There was probably more swearing in my head than I actually wrote, but you get the picture. As I drove home I did the whole positive speech…”you could have been home sleeping, at least you tried, you burned some calories…blah, blah, blah.

The truth is, everything I was thinking, both positive and negative is true. When I started CF I had never even touched a barbell before. So, for the love of God, I have to be better than I was. But…I’m still not as good as I should be for having done this for 3 years.

One of my goals for 2017 is about pushing out of my comfort zone. Another is being better at commitment and doing what it takes to make me happy. And yet another is being kinder to myself. So how do all of these play into today? I’m not sure. So I decided to write it all down and then let it go. Tomorrow is another day. Who knows, maybe tomorrow I’ll love it again?

#crossit #tryharder #bekindtoyourself #craic #fitness

Too Much Touching…?

Sunday 2/12/17

I’m a touch-er Not a creepy grab your junk touch-er, but a touch-er none the less. I talk with my hands and I very often touch people as I talk. Especially if I’m laughing or joking. It’s a habit I’ve had for as long as I can remember. I have no idea how it started, and I usually don’t even realize I’m doing it. I’m also a huge fan of hugging, hello, good-bye, I’m sorry, thank you, great job, what ever the reason, a hug usually works.

However, I am becoming more aware of my touching because as it turns out….some people don’t like to be touched? It truly never occurred to me that my touching someone’s arm or back would in some way make them uncomfortable.

If I have touched you and it was uncomfortable for you, rest assured I wasn’t hitting on you, or being creepy. It’s just a habit of mine, like biting your nails or cracking your knuckles. 🙂

But….I’m really curious….Are you a touch-er? Does it bother you if someone touches you? I need some data….

If you don’t have something nice to say…

Monday 2/6/17

We all know the rule. If you don’t have something nice to say, shut the hell up. I shared a post on FB today from a page I follow. It was about how there was a lot of body shaming toward Lady Gaga after her Super Bowl performance. People were posting that her stomach wasn’t totally flat and she  had some rolls.

The woman has always been a loud, positive voice for acceptance and equality. She put on an amazing show. She danced, did gymnastics, dangled from the ceiling, and dove off the stage, all while singing.  But some how people were talking about her stomach?? I don’t understand.

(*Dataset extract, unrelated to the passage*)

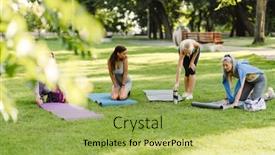  Presentation with women - Colorful slide deck enhanced with multiracial-women-unrolling-their-mats backdrop and a yellow colored foreground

This bothered me, a lot. The obvious reasons of body image, and gender bias aside….it’s just mean. What kind of person sits at home hiding behind their computer and feels it’s ok to publicly judge some one else? To comment on their physical appearance? If you didn’t like her performance. You get an opinion. That’s what she does for a living. If you don’t like her stomach….shut the hell up and mind your own business!

I would be fascinated to see what these haters look like.

#lovegaga  #bodyimage  #fitness  #bekind  #bodyshaming ` #mindyourownbusiness

Oops…correction

Friday 2/3/17

I realized in one of my posts last week I wrote that I had push pressed 178 pounds!!! It was actually a push jerk and it was 78 pounds, not 178. I’m laughing writing this because anyone who knows me or anything about lifting would have known that was a typo. HaHa. The 78  was really heavy for me.  I’m shocked no one called me on it. 🙂

So…… going forward if I post any weights you can assume they are accurate….give or take the standard error margin of a  hundred pounds. 😉  😉  😉

Just here for the wings

Sunday 2/5/17

I love the Super Bowl.

Not because I’m a big football fan. I actually don’t really understand football. But I love all the traditions and excitement that go along with the Super Bowl. There’s the food, the commercials, the possibility of winning money and there’s the party. Super Bowl is the party where it’s just your A-team. The party where you can go in your sweats and sweatshirt. The party where people are all sitting on the floor yelling at the tv. The party where you don’t want to be the guy who gets up to go to the bathroom because everyone will yell their order….get me another beer, grab me some chilli. And chances are you will have lost your seat. It’s the party where the kids hang out too, and you see them laughing when the guys start talking trash and making fun of each other. It’s the ultimate Sunday fun day. Everyone is all in.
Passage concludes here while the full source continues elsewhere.